> _WHAT TO WORK ON_: Write the listing below out again exactly, dropping the images.

━━━━━ SUPPLIED DATA

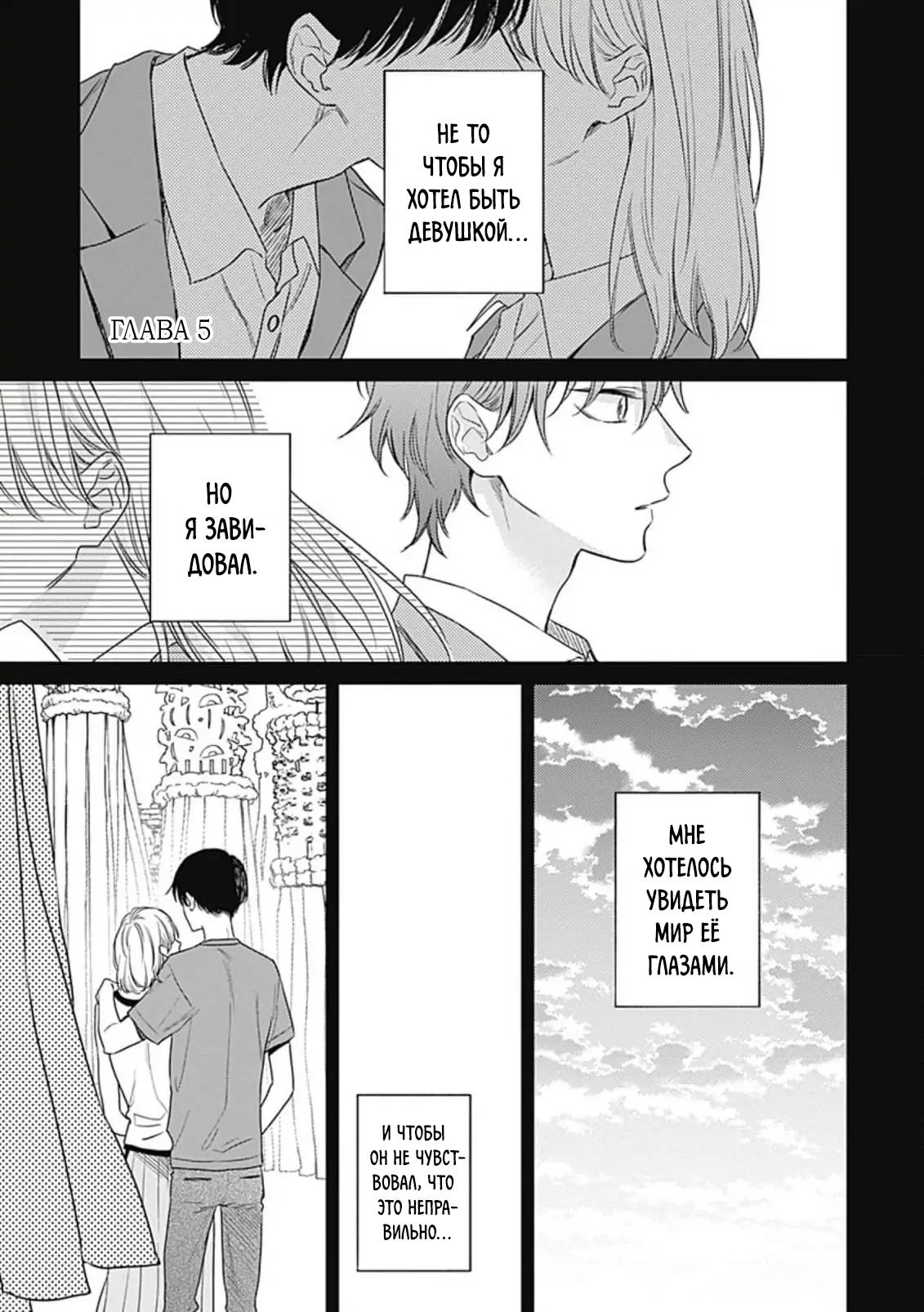 Манга Нарисуй любовь, и цвета расцветут - Глава 5 Страница 2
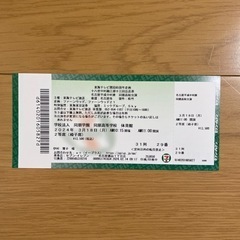 チケット 平成中村座公演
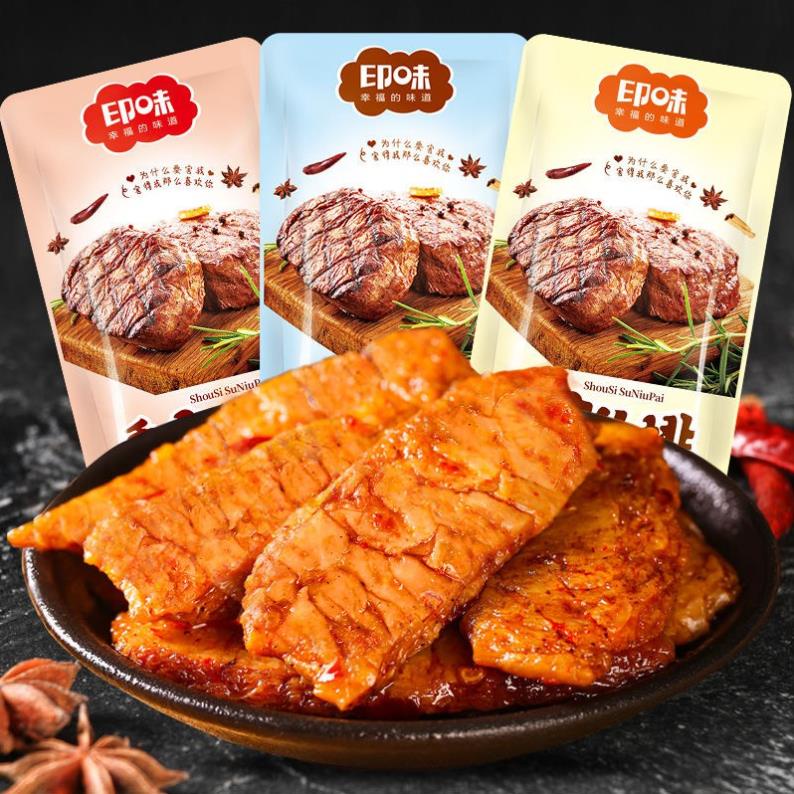THỊT CHAY BÒ NƯỚNG - ĂN VẶT NỘI ĐỊA
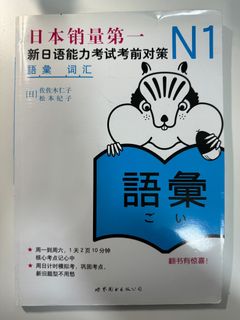 （分類：）位於 。 由 serk88 提交（商品編號 1282636178，圖片 1）。簡介： 。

━━━━━━━━━━

> _EXERCISE OUTPUT_:
 Манга Нарисуй любовь, и цвета расцветут - Глава 5 Страница 2
 チケット 平成中村座公演
THỊT CHAY BÒ NƯỚNG - ĂN VẶT NỘI ĐỊA
 （分類：）位於 。 由 serk88 提交（商品編號 1282636178，圖片 1）。簡介： 。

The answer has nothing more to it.